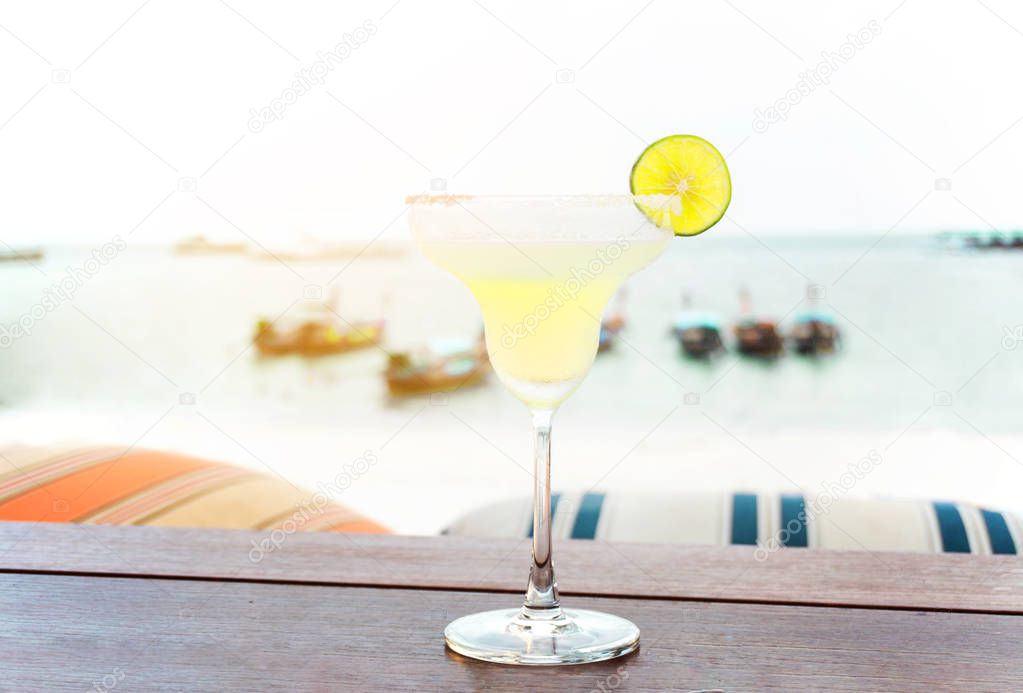 The frozen glass of Vodka cocktail on the beach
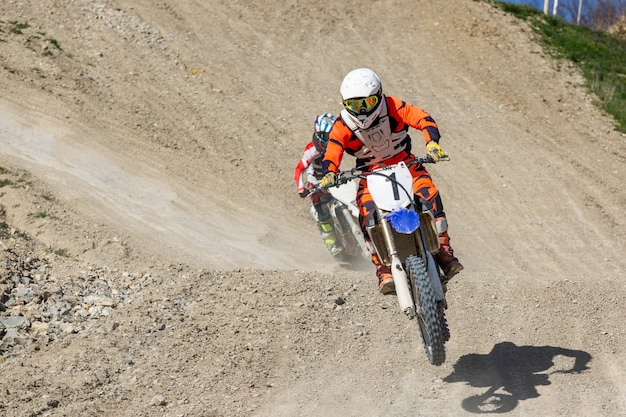 Le motard professionnel de motocross conduit à travers la fumée et la brume sur la piste de Dirt Road.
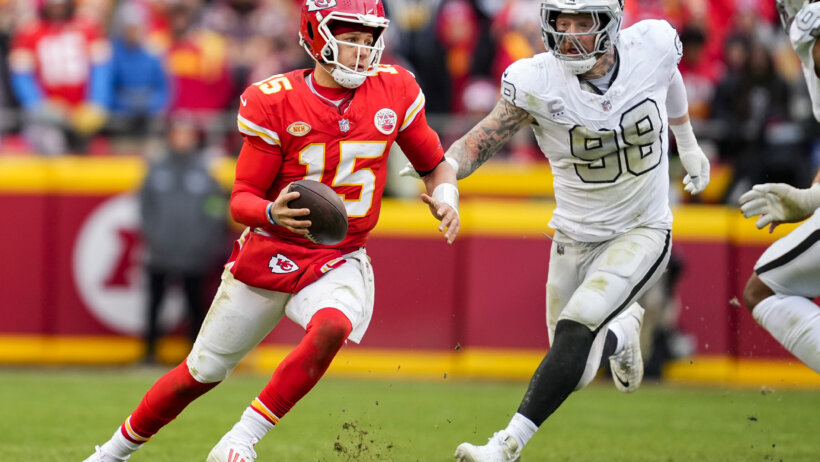 Kansas City Chiefs quarterback Patrick Mahomes (15) scrambles against Las Vegas Raiders defensive end Maxx Crosby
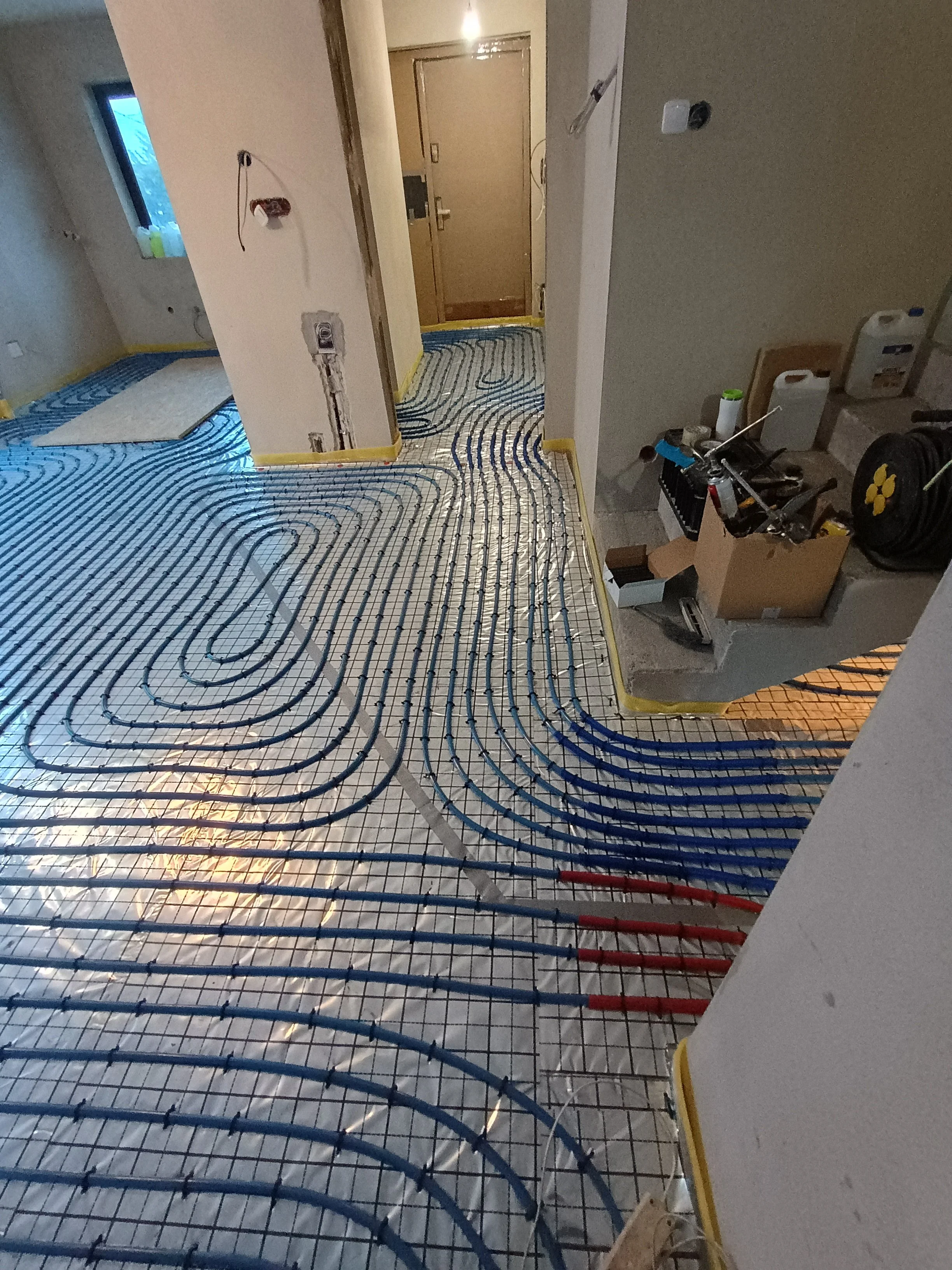 Loft or apartment under construction with heated floor tubing visible on the floor surface and some construction tools and materials on the right side.
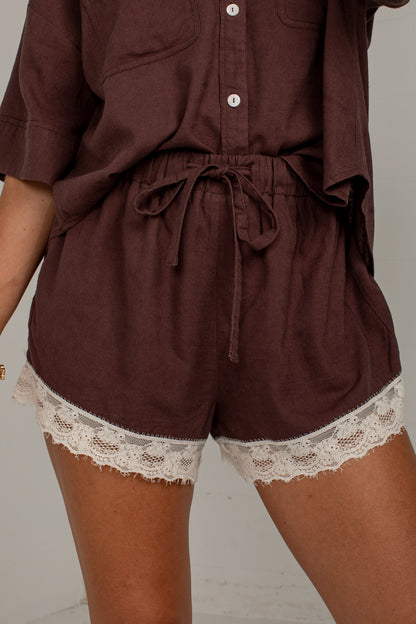 A close-up of a person wearing a dark brown two-piece outfit with matching shorts featuring a cream lace hem and a drawstring waist, paired with a matching short-sleeve button-up top.
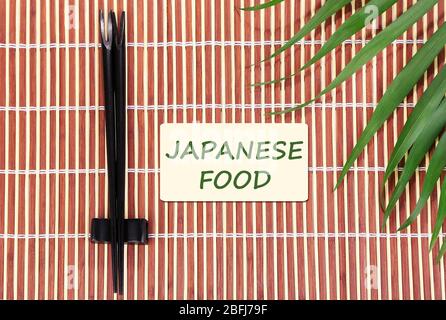 Paar Essstäbchen und japanisches Essen Text auf braunem Bambus-Matte Hintergrund Stockfoto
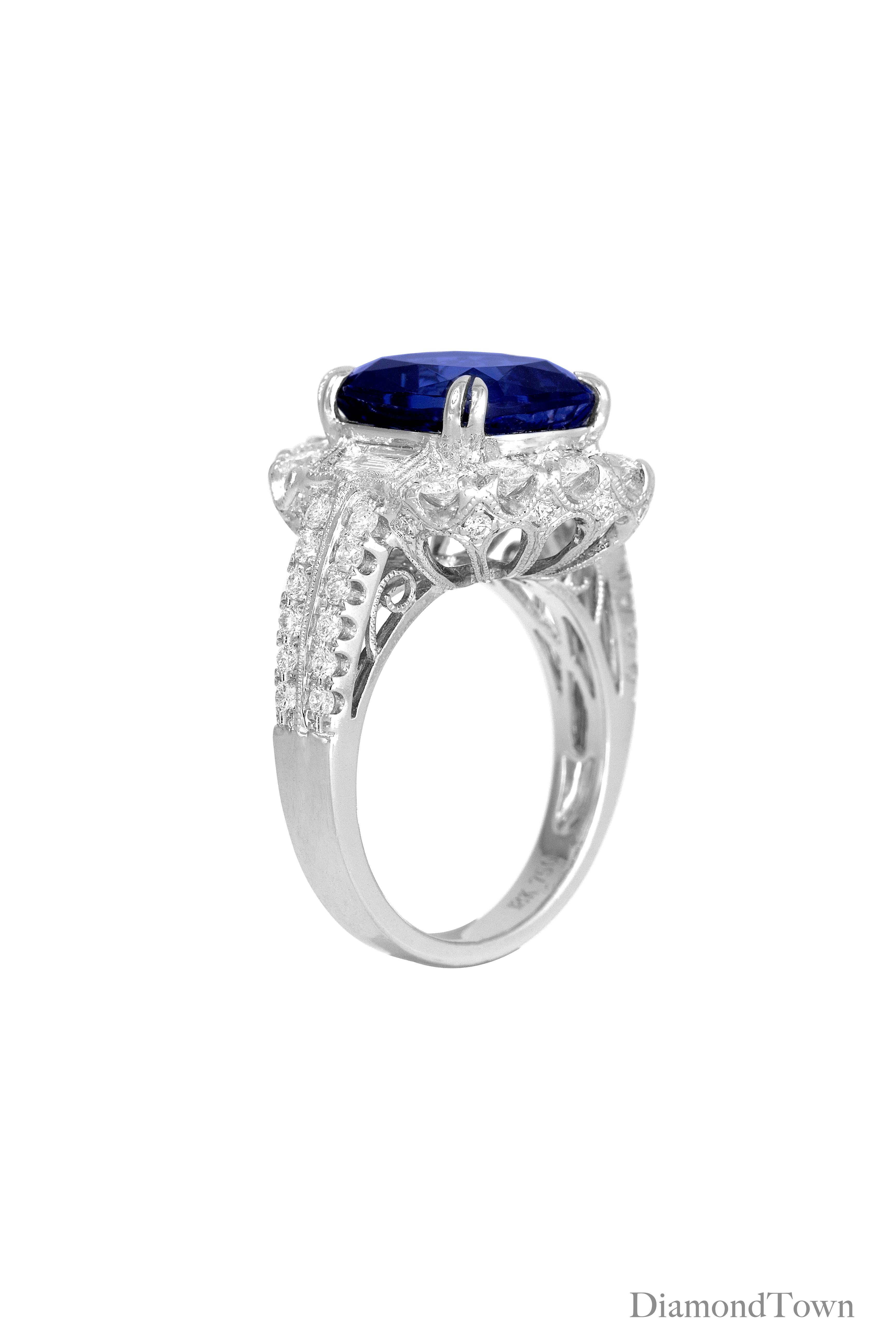 (DiamondTown) This ring sparkles with a 5.96 Carat Tanzanite center, flanked by 2 tapered baguette diamonds and a halo of round diamonds, and additional diamonds trailing down the side shank, bringing the total diamond weight to 1.47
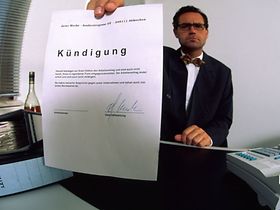 Mann hält seine fristlose Kündigung in die Kamera
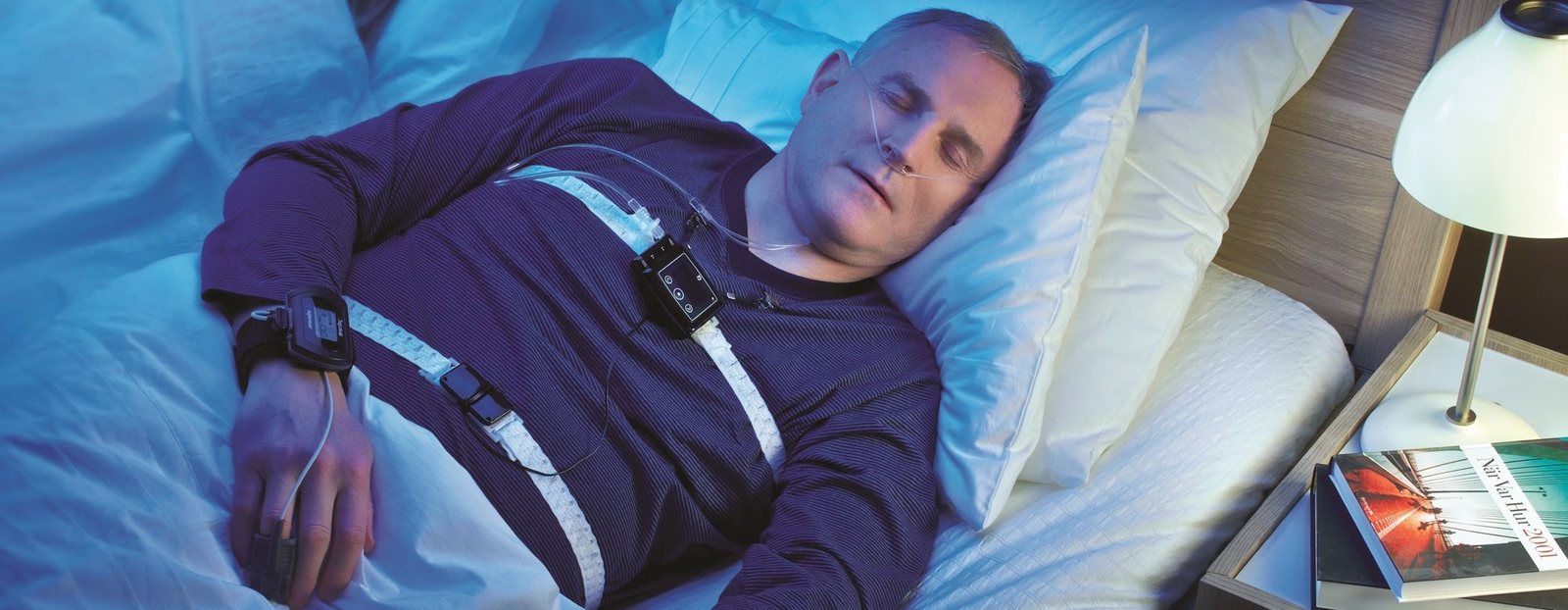 A man asleep at home wearing a portable sleep study device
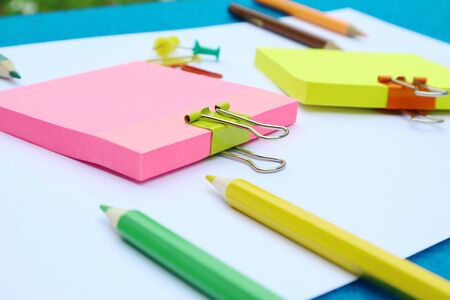Colorful Clips and note, pencil background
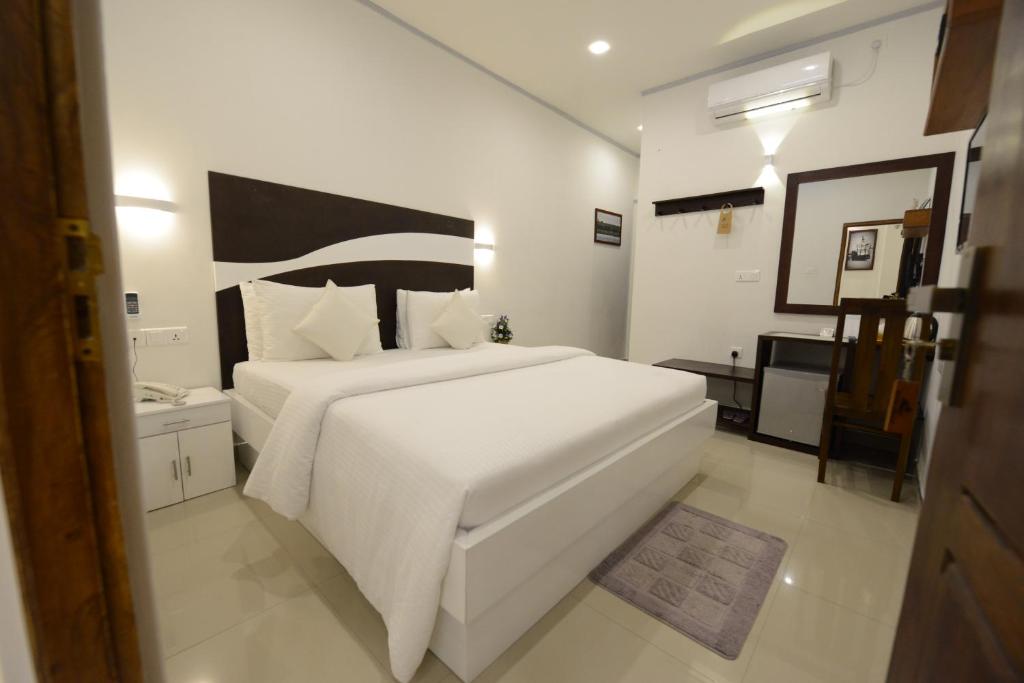 a white bedroom with a large white bed in it at Diva Villa Airport Transit Hotel in Katunayake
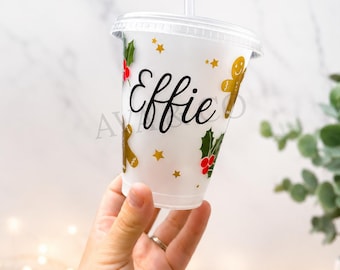 Puede incluir: Un vaso reutilizable de plástico transparente con tapa y pajita, que presenta el nombre Effie en letras cursivas negras. El vaso está decorado con hombres de jengibre, hojas de acebo verdes con bayas rojas y pequeñas estrellas doradas.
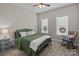 Cozy bedroom with a ceiling fan, two windows, and carpeted floors at 170 Stillwater Rd, Richfield, NC 28137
■ ■ ■ ■ ■
● WORK INSTRUCTIONS
From the records above, copy only the lines running from the line holding "Loft or apartment" through the line holding "Paar Essstäbchen und", with no pictures.

● RESPONSE AREA
 Loft or apartment under construction with heated floor tubing visible on the floor surface and some construction tools and materials on the right side.
 A close-up of a person wearing a dark brown two-piece outfit with matching shorts featuring a cream lace hem and a drawstring waist, paired with a matching short-sleeve button-up top.
 Paar Essstäbchen und japanisches Essen Text auf braunem Bambus-Matte Hintergrund Stockfoto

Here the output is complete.